Exercise details
With nothing left out, repeat every entry exactly.

Data for this task

Content starts

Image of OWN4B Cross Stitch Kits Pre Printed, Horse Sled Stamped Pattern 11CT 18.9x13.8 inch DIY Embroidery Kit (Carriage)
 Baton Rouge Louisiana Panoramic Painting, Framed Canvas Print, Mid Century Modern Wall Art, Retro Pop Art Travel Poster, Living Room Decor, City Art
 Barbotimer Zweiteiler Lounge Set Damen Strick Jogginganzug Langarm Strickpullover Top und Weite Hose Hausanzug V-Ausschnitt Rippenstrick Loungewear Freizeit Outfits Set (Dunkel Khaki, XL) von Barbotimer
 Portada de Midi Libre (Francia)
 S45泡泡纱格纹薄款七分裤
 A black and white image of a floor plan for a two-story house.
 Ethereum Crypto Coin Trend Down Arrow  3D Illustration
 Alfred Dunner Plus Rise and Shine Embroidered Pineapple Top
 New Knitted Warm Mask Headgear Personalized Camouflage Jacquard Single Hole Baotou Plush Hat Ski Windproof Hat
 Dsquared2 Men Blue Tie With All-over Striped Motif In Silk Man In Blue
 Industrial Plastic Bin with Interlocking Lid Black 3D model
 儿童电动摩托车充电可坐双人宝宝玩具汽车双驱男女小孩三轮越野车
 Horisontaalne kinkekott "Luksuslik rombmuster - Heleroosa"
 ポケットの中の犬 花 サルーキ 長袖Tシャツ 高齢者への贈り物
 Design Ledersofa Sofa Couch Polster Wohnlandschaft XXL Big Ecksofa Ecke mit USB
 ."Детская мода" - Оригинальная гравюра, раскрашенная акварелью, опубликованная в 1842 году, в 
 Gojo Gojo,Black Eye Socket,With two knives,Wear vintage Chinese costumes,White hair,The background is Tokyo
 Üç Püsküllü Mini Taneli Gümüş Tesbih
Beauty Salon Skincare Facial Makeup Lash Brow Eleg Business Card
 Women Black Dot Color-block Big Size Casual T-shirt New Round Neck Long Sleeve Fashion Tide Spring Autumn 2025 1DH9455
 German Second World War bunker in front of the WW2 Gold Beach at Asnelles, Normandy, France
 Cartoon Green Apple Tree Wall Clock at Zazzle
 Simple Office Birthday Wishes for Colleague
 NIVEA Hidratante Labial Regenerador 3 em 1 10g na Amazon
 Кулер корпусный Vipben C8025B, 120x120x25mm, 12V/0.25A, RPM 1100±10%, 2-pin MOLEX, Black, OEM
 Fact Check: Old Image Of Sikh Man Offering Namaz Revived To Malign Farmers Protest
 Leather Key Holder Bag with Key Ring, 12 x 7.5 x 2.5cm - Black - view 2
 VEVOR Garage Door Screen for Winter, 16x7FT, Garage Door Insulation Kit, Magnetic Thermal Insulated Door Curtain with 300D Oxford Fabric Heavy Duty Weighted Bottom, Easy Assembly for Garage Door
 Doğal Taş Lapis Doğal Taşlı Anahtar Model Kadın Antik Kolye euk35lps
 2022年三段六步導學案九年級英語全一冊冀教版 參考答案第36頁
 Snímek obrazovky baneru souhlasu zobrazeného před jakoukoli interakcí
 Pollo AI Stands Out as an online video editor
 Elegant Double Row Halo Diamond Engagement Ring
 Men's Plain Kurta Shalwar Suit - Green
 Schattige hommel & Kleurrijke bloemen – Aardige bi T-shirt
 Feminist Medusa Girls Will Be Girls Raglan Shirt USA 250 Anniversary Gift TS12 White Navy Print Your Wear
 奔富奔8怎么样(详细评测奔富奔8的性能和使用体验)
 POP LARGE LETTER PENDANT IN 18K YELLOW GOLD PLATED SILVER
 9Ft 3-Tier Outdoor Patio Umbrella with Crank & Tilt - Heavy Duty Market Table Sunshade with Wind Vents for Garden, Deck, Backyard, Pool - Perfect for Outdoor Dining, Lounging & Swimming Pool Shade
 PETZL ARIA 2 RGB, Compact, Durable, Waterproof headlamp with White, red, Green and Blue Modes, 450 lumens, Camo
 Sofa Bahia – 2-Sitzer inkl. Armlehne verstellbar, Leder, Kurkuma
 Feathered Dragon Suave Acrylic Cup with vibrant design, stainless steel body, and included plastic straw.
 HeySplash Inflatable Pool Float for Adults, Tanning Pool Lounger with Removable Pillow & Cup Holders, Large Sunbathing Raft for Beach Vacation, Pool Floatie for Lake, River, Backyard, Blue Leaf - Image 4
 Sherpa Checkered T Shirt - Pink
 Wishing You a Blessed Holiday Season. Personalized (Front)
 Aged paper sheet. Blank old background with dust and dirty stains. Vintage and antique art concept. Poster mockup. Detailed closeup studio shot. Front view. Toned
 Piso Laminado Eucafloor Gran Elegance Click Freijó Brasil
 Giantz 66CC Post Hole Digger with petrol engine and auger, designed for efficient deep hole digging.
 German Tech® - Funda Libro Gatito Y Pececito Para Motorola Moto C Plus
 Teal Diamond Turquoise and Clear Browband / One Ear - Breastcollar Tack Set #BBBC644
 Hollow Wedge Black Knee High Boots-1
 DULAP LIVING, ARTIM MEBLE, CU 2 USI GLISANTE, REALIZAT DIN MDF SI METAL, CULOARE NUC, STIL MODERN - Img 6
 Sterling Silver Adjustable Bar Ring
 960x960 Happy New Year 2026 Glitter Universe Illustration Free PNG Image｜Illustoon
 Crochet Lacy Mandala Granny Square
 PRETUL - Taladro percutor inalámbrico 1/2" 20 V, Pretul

Content ends

Output of the task
Image of OWN4B Cross Stitch Kits Pre Printed, Horse Sled Stamped Pattern 11CT 18.9x13.8 inch DIY Embroidery Kit (Carriage)
 Baton Rouge Louisiana Panoramic Painting, Framed Canvas Print, Mid Century Modern Wall Art, Retro Pop Art Travel Poster, Living Room Decor, City Art
 Barbotimer Zweiteiler Lounge Set Damen Strick Jogginganzug Langarm Strickpullover Top und Weite Hose Hausanzug V-Ausschnitt Rippenstrick Loungewear Freizeit Outfits Set (Dunkel Khaki, XL) von Barbotimer
 Portada de Midi Libre (Francia)
 S45泡泡纱格纹薄款七分裤
 A black and white image of a floor plan for a two-story house.
 Ethereum Crypto Coin Trend Down Arrow  3D Illustration
 Alfred Dunner Plus Rise and Shine Embroidered Pineapple Top
 New Knitted Warm Mask Headgear Personalized Camouflage Jacquard Single Hole Baotou Plush Hat Ski Windproof Hat
 Dsquared2 Men Blue Tie With All-over Striped Motif In Silk Man In Blue
 Industrial Plastic Bin with Interlocking Lid Black 3D model
 儿童电动摩托车充电可坐双人宝宝玩具汽车双驱男女小孩三轮越野车
 Horisontaalne kinkekott "Luksuslik rombmuster - Heleroosa"
 ポケットの中の犬 花 サルーキ 長袖Tシャツ 高齢者への贈り物
 Design Ledersofa Sofa Couch Polster Wohnlandschaft XXL Big Ecksofa Ecke mit USB
 ."Детская мода" - Оригинальная гравюра, раскрашенная акварелью, опубликованная в 1842 году, в 
 Gojo Gojo,Black Eye Socket,With two knives,Wear vintage Chinese costumes,White hair,The background is Tokyo
 Üç Püsküllü Mini Taneli Gümüş Tesbih
Beauty Salon Skincare Facial Makeup Lash Brow Eleg Business Card
 Women Black Dot Color-block Big Size Casual T-shirt New Round Neck Long Sleeve Fashion Tide Spring Autumn 2025 1DH9455
 German Second World War bunker in front of the WW2 Gold Beach at Asnelles, Normandy, France
 Cartoon Green Apple Tree Wall Clock at Zazzle
 Simple Office Birthday Wishes for Colleague
 NIVEA Hidratante Labial Regenerador 3 em 1 10g na Amazon
 Кулер корпусный Vipben C8025B, 120x120x25mm, 12V/0.25A, RPM 1100±10%, 2-pin MOLEX, Black, OEM
 Fact Check: Old Image Of Sikh Man Offering Namaz Revived To Malign Farmers Protest
 Leather Key Holder Bag with Key Ring, 12 x 7.5 x 2.5cm - Black - view 2
 VEVOR Garage Door Screen for Winter, 16x7FT, Garage Door Insulation Kit, Magnetic Thermal Insulated Door Curtain with 300D Oxford Fabric Heavy Duty Weighted Bottom, Easy Assembly for Garage Door
 Doğal Taş Lapis Doğal Taşlı Anahtar Model Kadın Antik Kolye euk35lps
 2022年三段六步導學案九年級英語全一冊冀教版 參考答案第36頁
 Snímek obrazovky baneru souhlasu zobrazeného před jakoukoli interakcí
 Pollo AI Stands Out as an online video editor
 Elegant Double Row Halo Diamond Engagement Ring
 Men's Plain Kurta Shalwar Suit - Green
 Schattige hommel & Kleurrijke bloemen – Aardige bi T-shirt
 Feminist Medusa Girls Will Be Girls Raglan Shirt USA 250 Anniversary Gift TS12 White Navy Print Your Wear
 奔富奔8怎么样(详细评测奔富奔8的性能和使用体验)
 POP LARGE LETTER PENDANT IN 18K YELLOW GOLD PLATED SILVER
 9Ft 3-Tier Outdoor Patio Umbrella with Crank & Tilt - Heavy Duty Market Table Sunshade with Wind Vents for Garden, Deck, Backyard, Pool - Perfect for Outdoor Dining, Lounging & Swimming Pool Shade
 PETZL ARIA 2 RGB, Compact, Durable, Waterproof headlamp with White, red, Green and Blue Modes, 450 lumens, Camo
 Sofa Bahia – 2-Sitzer inkl. Armlehne verstellbar, Leder, Kurkuma
 Feathered Dragon Suave Acrylic Cup with vibrant design, stainless steel body, and included plastic straw.
 HeySplash Inflatable Pool Float for Adults, Tanning Pool Lounger with Removable Pillow & Cup Holders, Large Sunbathing Raft for Beach Vacation, Pool Floatie for Lake, River, Backyard, Blue Leaf - Image 4
 Sherpa Checkered T Shirt - Pink
 Wishing You a Blessed Holiday Season. Personalized (Front)
 Aged paper sheet. Blank old background with dust and dirty stains. Vintage and antique art concept. Poster mockup. Detailed closeup studio shot. Front view. Toned
 Piso Laminado Eucafloor Gran Elegance Click Freijó Brasil
 Giantz 66CC Post Hole Digger with petrol engine and auger, designed for efficient deep hole digging.
 German Tech® - Funda Libro Gatito Y Pececito Para Motorola Moto C Plus
 Teal Diamond Turquoise and Clear Browband / One Ear - Breastcollar Tack Set #BBBC644
 Hollow Wedge Black Knee High Boots-1
 DULAP LIVING, ARTIM MEBLE, CU 2 USI GLISANTE, REALIZAT DIN MDF SI METAL, CULOARE NUC, STIL MODERN - Img 6
 Sterling Silver Adjustable Bar Ring
 960x960 Happy New Year 2026 Glitter Universe Illustration Free PNG Image｜Illustoon
 Crochet Lacy Mandala Granny Square
 PRETUL - Taladro percutor inalámbrico 1/2" 20 V, Pretul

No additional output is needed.